On Apr 10, 2012, at 7:45 PM, Luming Yu wrote:

> The rfc patch reuses some code and idea from jcm's hwlat_detector but
> target for a broader problem that sometime we need to run a simple few minutes
> hardware test to understand if there is any hardware latency as well as
> throughput problem exposed on bare metal or left behind by BIOS or
> interfered by SMI.

Hey thanks. This is totally something I hoped would eventually go upstream,
but I never got around to cleaning it up enough for mass consumption beyond
the use case we had in mind (beating certain folks over the head when they
have "value add" in BIOS code that causes huge SMIs, and the like, for RT).

Did anyone ever get back to you on this one? I never saw any followup.
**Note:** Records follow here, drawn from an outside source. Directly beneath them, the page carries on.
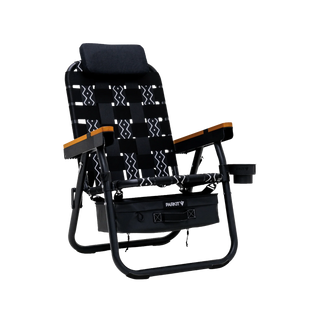 Eclipse Recliner Chair - Slate
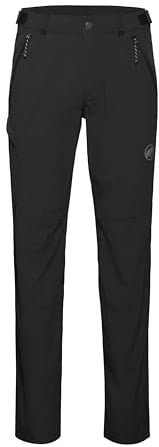 Mammut Runbold IV Pants Men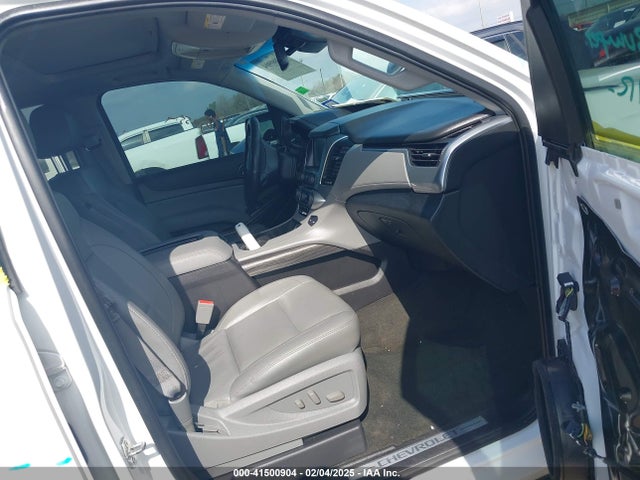 Chevrolet Tahoe Lt 2016 1GNSCBKC8GR104848 Image 5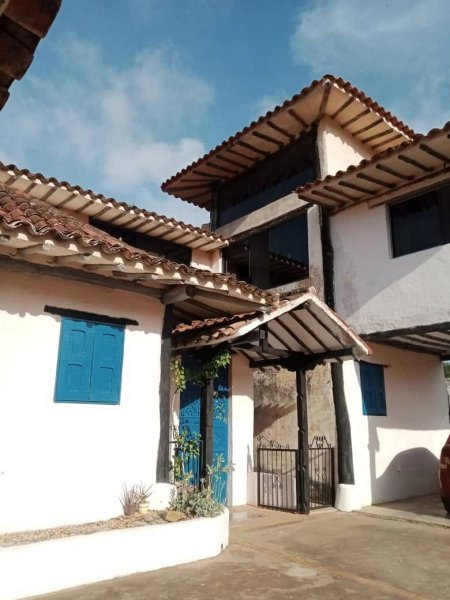 Casa en los Robles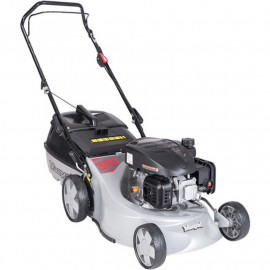 Masport 300al L Push Petrol Lawnmower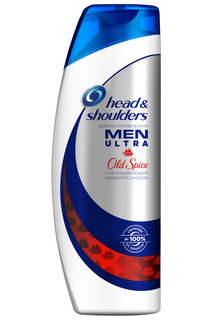 Шампунь HEAD&amp;SHOULDERS Head &amp; Shoulders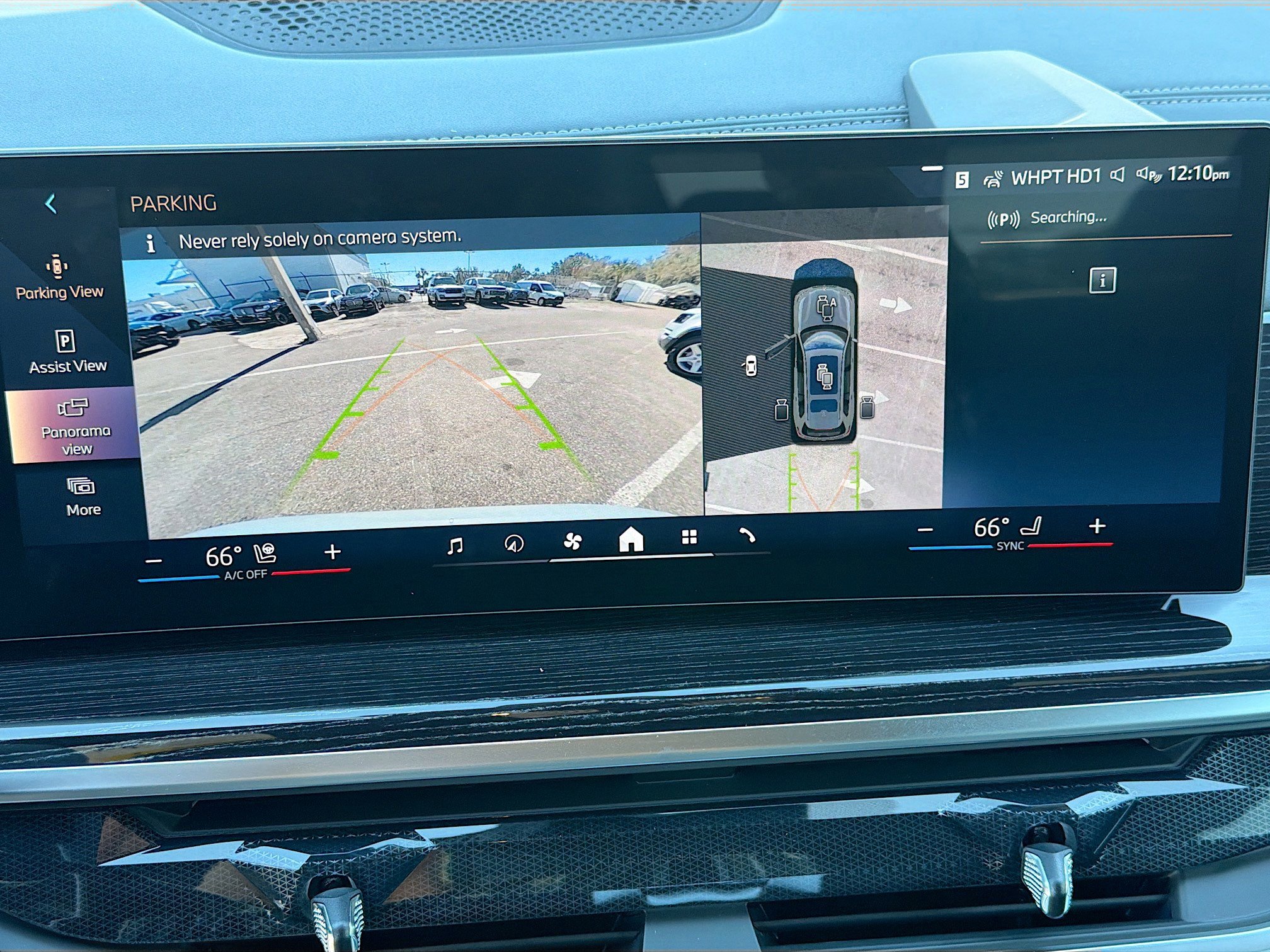 New 2026 BMW X7 xDrive40i w/ M Sport Package image 34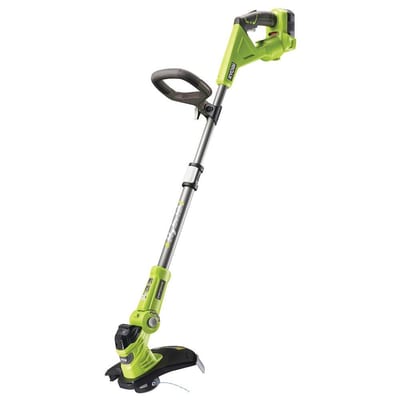 Ryobi RLT1831H20F Cordless grass trimmer - 18V, 2AH, 1PCS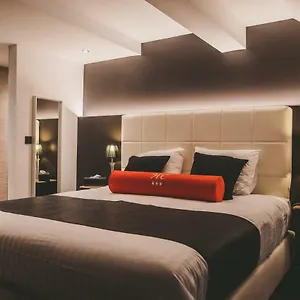 Hors-chateau - Centre Historique Hotel Liege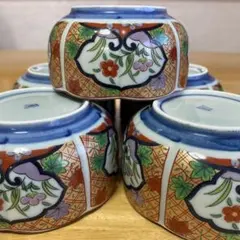 2025年最新】有田焼 古伊万里金彩の人気アイテム - メルカリ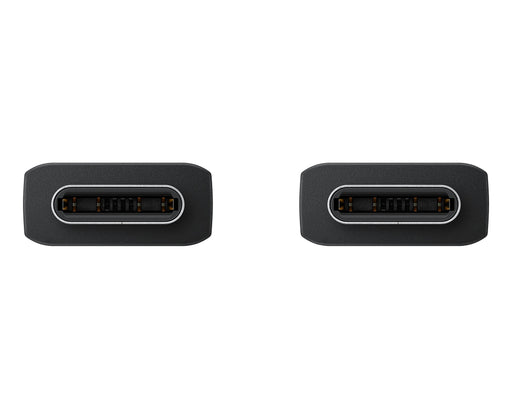 EAN 8806094257564 - Samsung EP-DX310JBEGEU cable USB 1,8 m USB C Negro imagen 2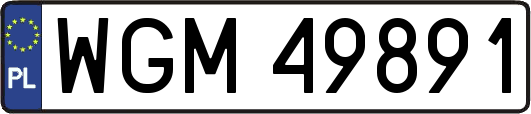WGM49891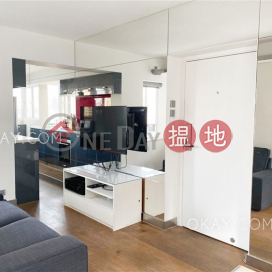 Tasteful 1 bedroom on high floor | Rental | Million City 萬城閣 _0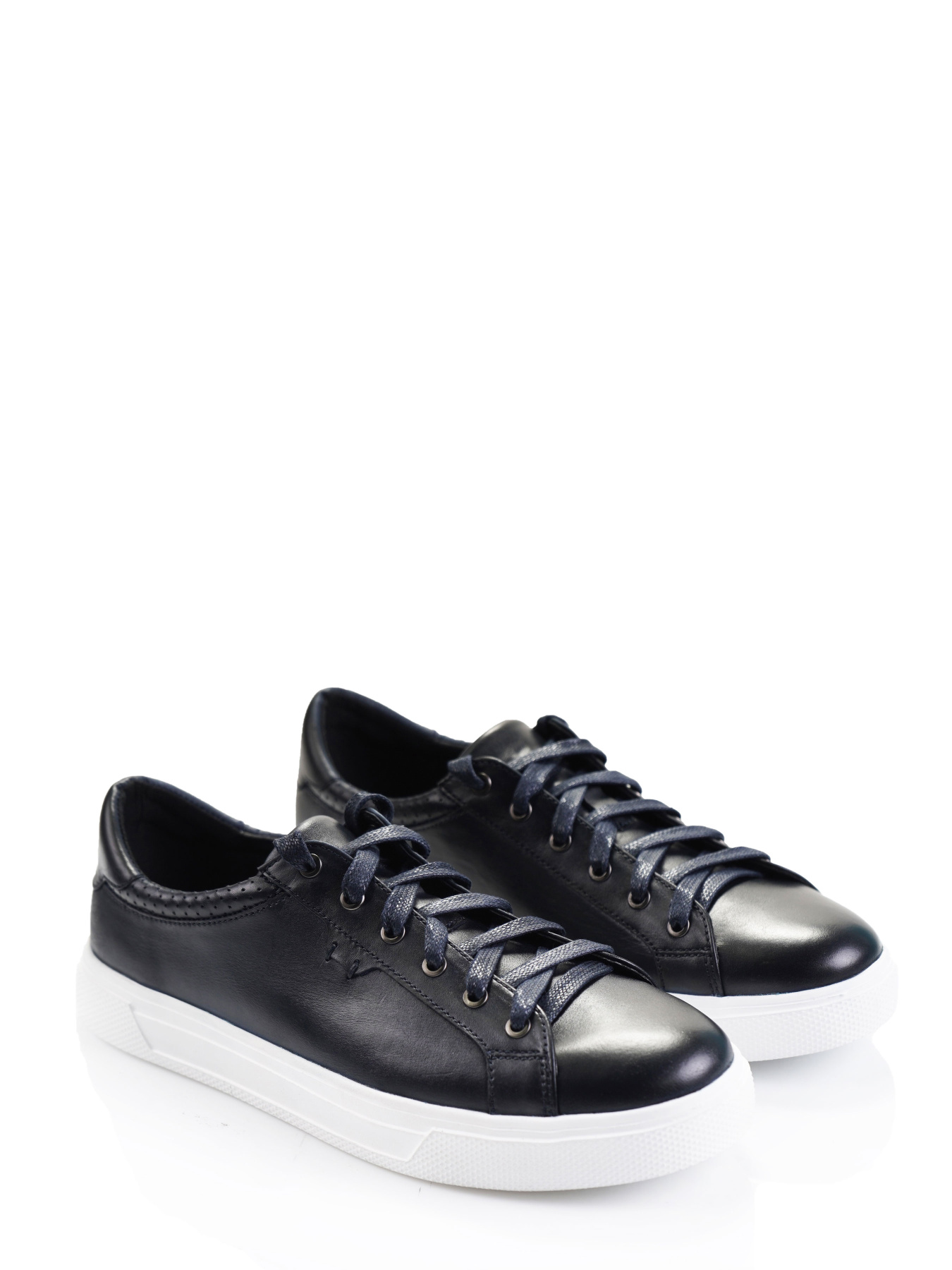 Кеды Marco Piero модель 236blue Фото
I
will be happy to do some testing and help you get this mainlined.

Jon.


2012-05-04 06:16:30

by Luming Yu

[permalink] [raw]
Subject: Re: [RFC PATCH] a simple hardware detector for lattency as well as throughput

On Thu, May 3, 2012 at 11:27 AM, Jon Masters <[email protected]> wrote:
> On Apr 10, 2012, at 7:45 PM, Luming Yu wrote:
>
>> The rfc patch reuses some code and idea from jcm's hwlat_detector but
>> target for a broader problem that sometime we need to run a simple few minutes
>> hardware test to understand if there is any hardware latency as well as
>> throughput problem exposed on bare metal or left behind by BIOS or
>> interfered by SMI.
>
> Hey thanks. This is totally something I hoped would eventually go upstream,
> but I never got around to cleaning it up enough for mass consumption beyond
> the use case we had in mind (beating certain folks over the head when they
> have "value add" in BIOS code that causes huge SMIs, and the like, for RT).
>
> Did anyone ever get back to you on this one? I never saw any followup. I
> will be happy to do some testing and help you get this mainlined.

So far you are the only one. :-)
If you can find a maintainer for it, and find a way into mainline,
We probably can make it become a popular tool for hardware enabling.